(INPUT RECORDS Opens)

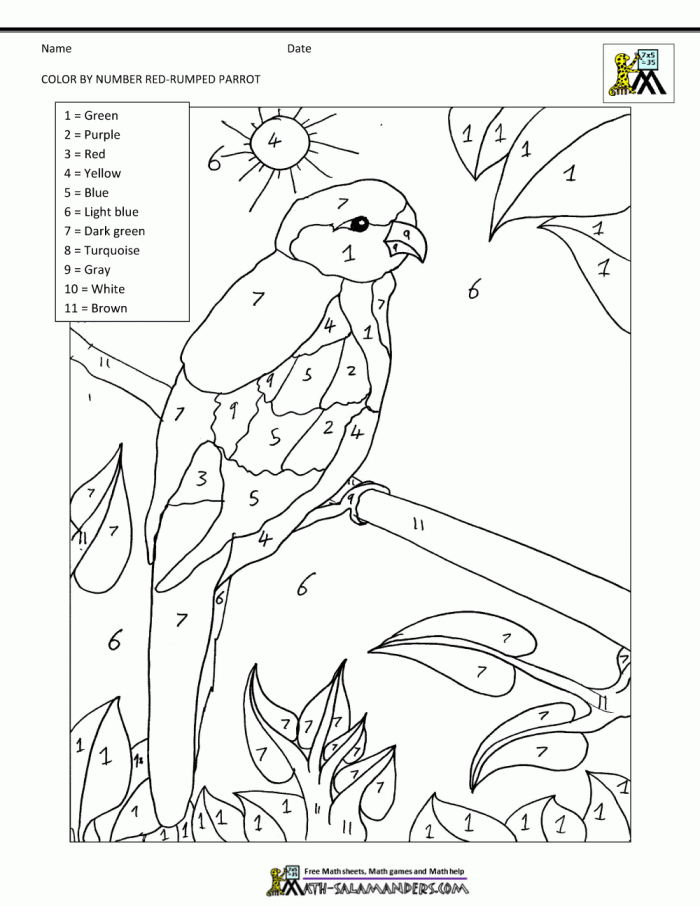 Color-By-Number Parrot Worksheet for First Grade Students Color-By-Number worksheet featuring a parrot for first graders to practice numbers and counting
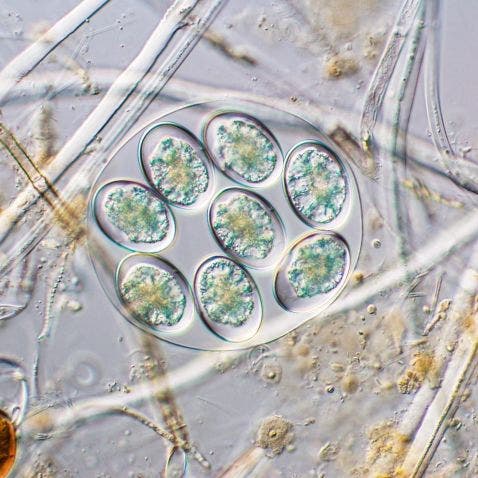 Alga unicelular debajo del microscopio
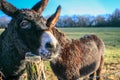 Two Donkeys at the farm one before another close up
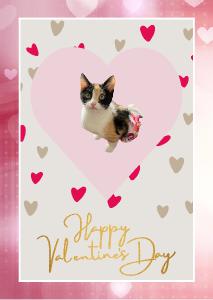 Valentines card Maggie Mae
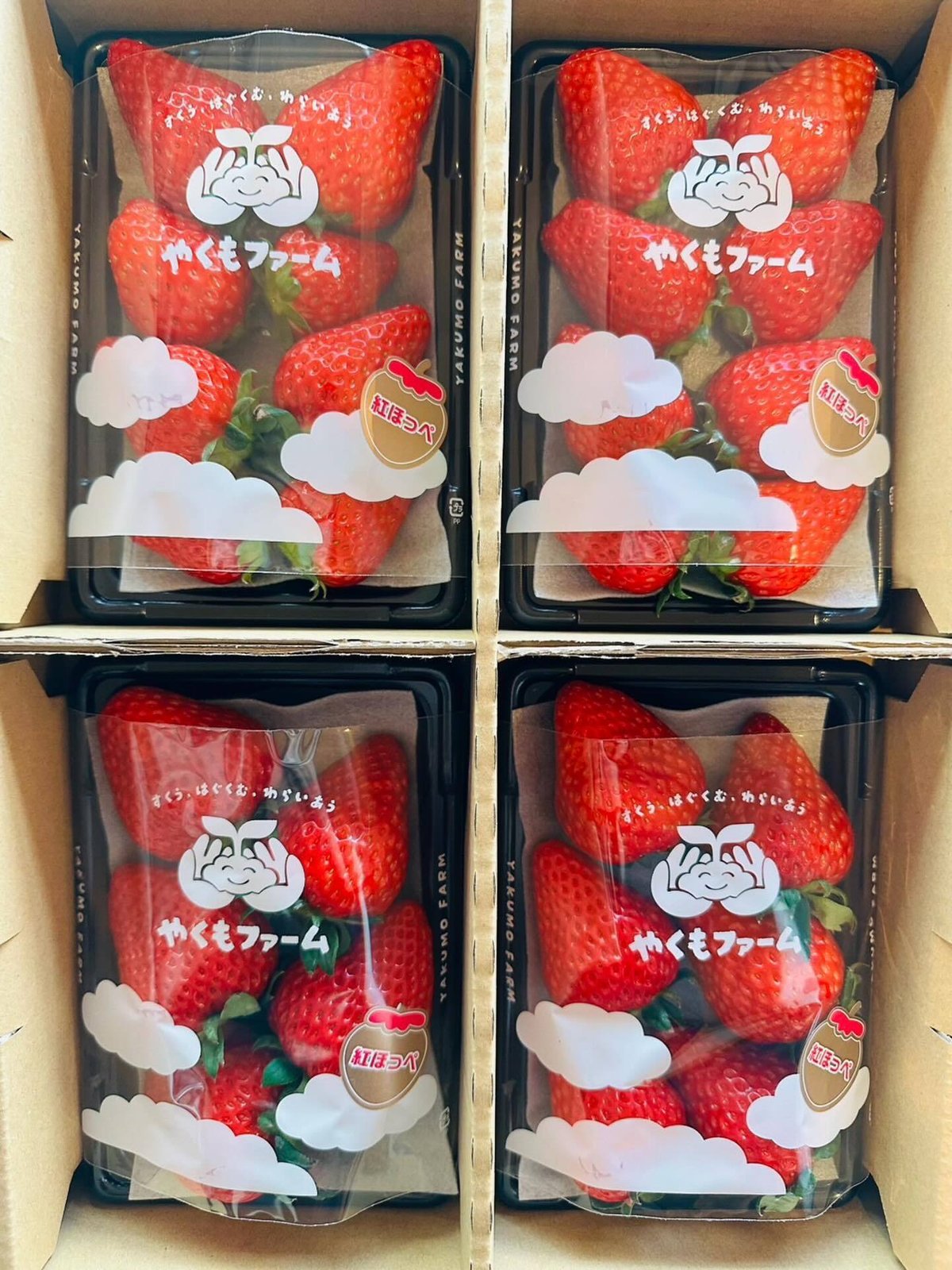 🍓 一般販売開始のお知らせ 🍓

(INPUT RECORDS Closes)

=== TRY IT ===
For this exercise, set down exactly the lines that run from the line holding "Alga unicelular debajo del microscopio" to the last line of the records above; include both end lines and omit pictures.

=== ANSWER FOR THIS EXERCISE ===
 Alga unicelular debajo del microscopio
 Two Donkeys at the farm one before another close up
 Valentines card Maggie Mae
 🍓 一般販売開始のお知らせ 🍓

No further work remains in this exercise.